Your job is to give again, exactly and with no additions, the lines in the records below from the one with "Pooja Hegde asks for equal pay" through the one with "Notovitch, Nicolas - The", both included. Omit the pictures.
= Beginning of Section =
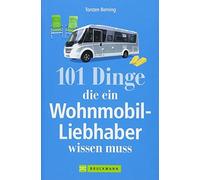 101 Dinge, die ein Wohnmobil-Liebhaber wissen muss, Berning 978373431155.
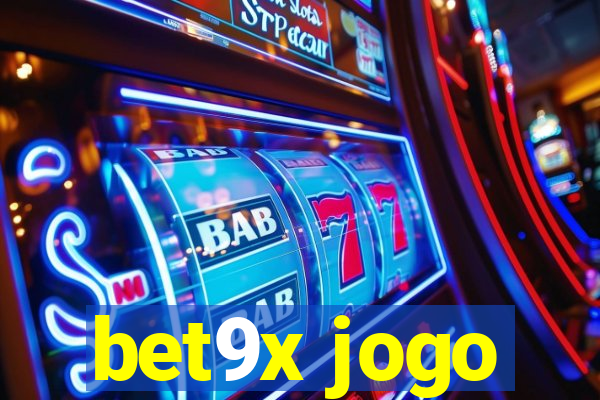 bet9x jogo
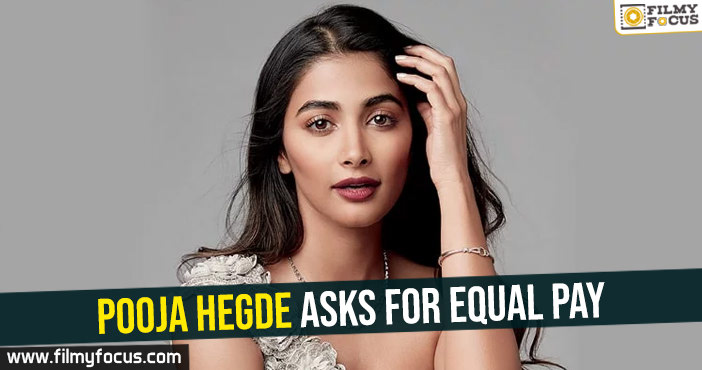 Pooja Hegde asks for equal pay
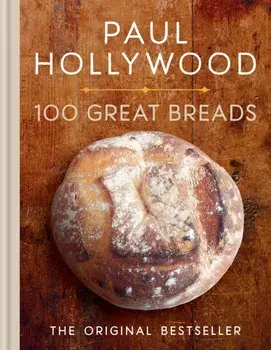 100 Great Breads. The Original Bestseller, Hardback/Paul Hollywood
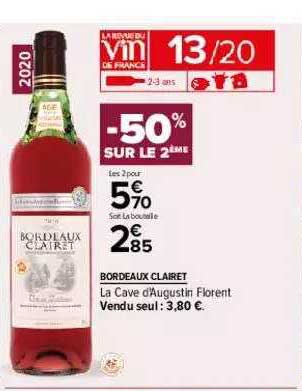 bordeaux clairet la cave d'augustin florent -50% sur le 2ème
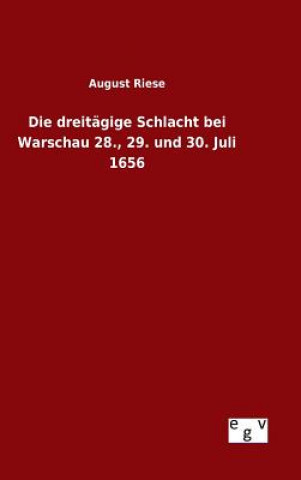 Kniha Die dreitagige Schlacht bei Warschau 28., 29. und 30. Juli 1656 August Riese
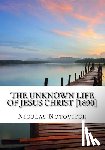 Notovitch, Nicolas - The Unknown Life of Jesus Christ [1890]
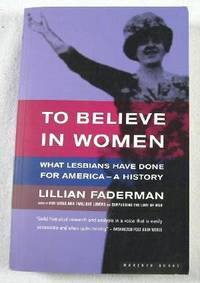 Image for To Believe in Women: What Lesbians Have Done for America - A History To Believe in Women: What Lesbians Have Done for America - A History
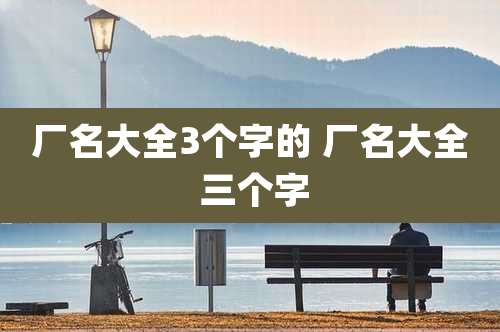 厂名大全3个字的 厂名大全 三个字
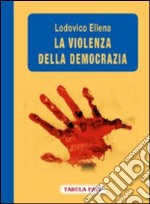 La violenza della democrazia libro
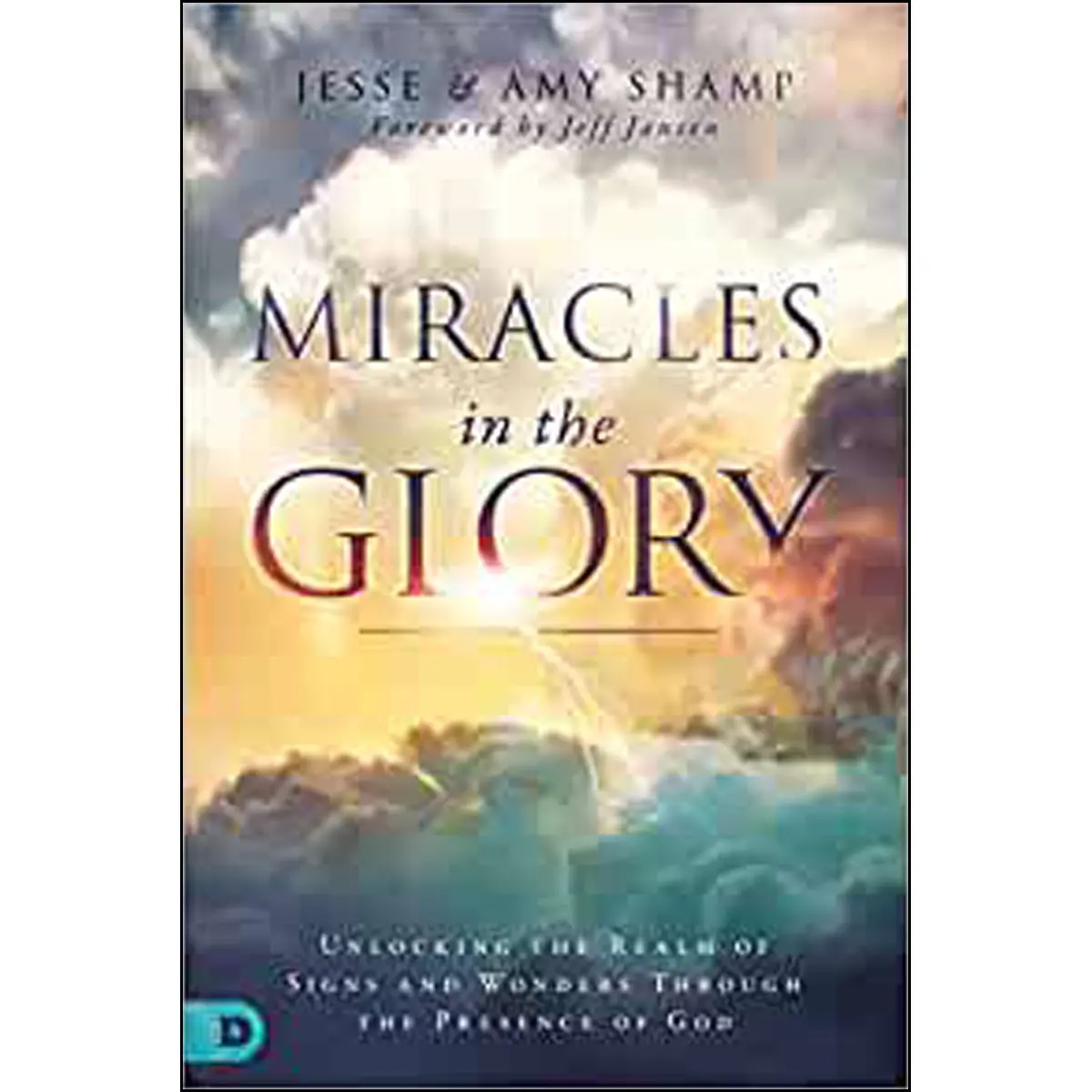 Miracles In The Glory: Unlocking The Realm Of Signs And Wonders (Paperback) 1
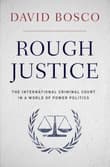 Book cover of Rough Justice: The International Criminal Court in a World of Power Politics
= End of Section =
# Response below
 Pooja Hegde asks for equal pay
 100 Great Breads. The Original Bestseller, Hardback/Paul Hollywood
 bordeaux clairet la cave d'augustin florent -50% sur le 2ème
 Kniha Die dreitagige Schlacht bei Warschau 28., 29. und 30. Juli 1656 August Riese
 Notovitch, Nicolas - The Unknown Life of Jesus Christ [1890]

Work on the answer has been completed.